During the healing we encountered a lot of pain and trauma from the water in Penn Cove, the mussel beds where the Penn Cove mussels are grown, and from the land that makes up Coupeville. Most of the healers went down to the beach to work while two of us went onto one of the docks used during the orca captures. Each of us offered our own version of healing. Some simply grounded the area and showered it with cosmic gold energy. Others brought gifts to offer the land (tabacco, sacred water, shells, etc). We all worked for about 40 minutes and then reconvened as a group at the end. Everyone shared what they observed. The main theme was around the greed and disregard for the land. The group observed that many things had been ripped from the land and sea in the area: the Natives when the settlers arrived in the late 1800’s, the whales during the orca captures of the ’60’s, and the mussels each harvest season. We thought that this was the root of the greed–all of those things were done for profit and with no regard for the land and sea from which the beings were taken. The gratitude that washed over me after I offered my healing was incredible, like a tsunami wave pouring over my whole aura and body. It was seriously one of the best feelings I’ve ever experienced in my life. Overall it was quite a humbling experience.
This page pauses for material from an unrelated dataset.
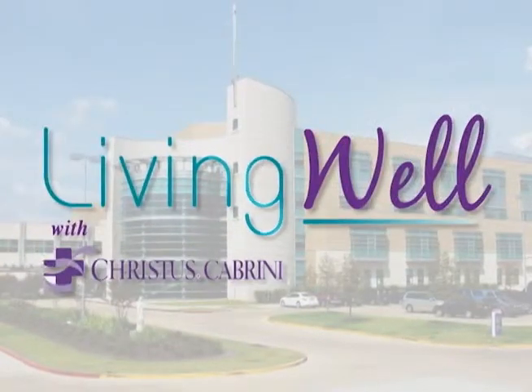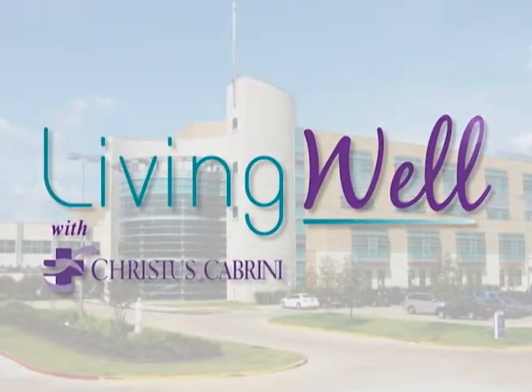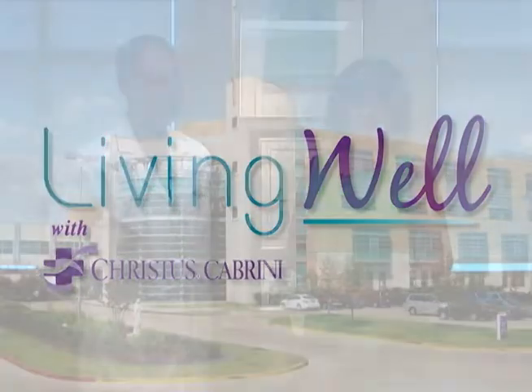Living Well, brought to you by Christus Cabrini Hospital. Dr. Edan Moran joins us today. He is with Alexandria Women's Center. We want to talk about how the DaVinci robotic technique has changed surgery for women.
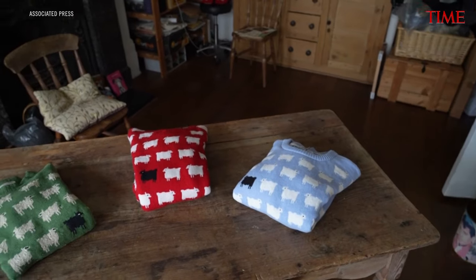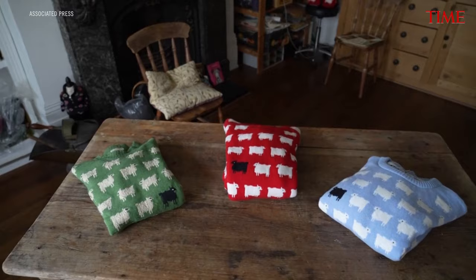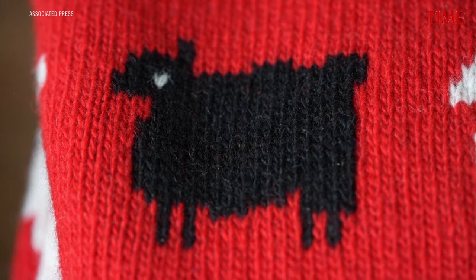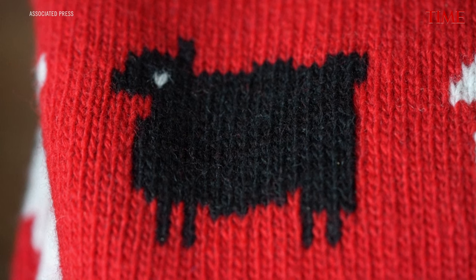We first designed it on a green background. It just seemed like an obvious thing to do really — sheep on grass. And then just for a bit of a twist, and to make it a bit more interesting and harder to knit, we added the black sheep jumper.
The full double rainbow!! Kimi, Rebekah, and I were driving back to our room for the night on Friday when we came around the corner and BAM! There it was in all its glory. The brightness of the colors and the fact that I could see the ENTIRE rainbow was breathtaking. Both rainbows enveloped the cove like it was being hugged. Others were pulling over around us to share in the excitement and experience of seeing a full double rainbow. I experienced such a sense of belonging sharing that moment with perfect strangers who were all witnessing such unexpected beauty together. It really left me feeling invigorated and I took it as a sign that our event was in line with the highest good.
I know many others wanted to join in but that this date didn’t work for you, so I have planned two more dates to offer more healings. The first is on Saturday, July 15th and the second is on Saturday, September 30th. Hopefully one of these dates works and you are able to join in if you are called to do so.
Many thanks to those who helped from a distance as well (Angie, Julie, Marcy, and Cindi amount others)–the grounding you provided really made a difference. Much appreciation to Kimi, Yvonne, Kate, Rebekah, Claudia, Kathy, and Nancy for your participation as well; it was so fun spending the day together!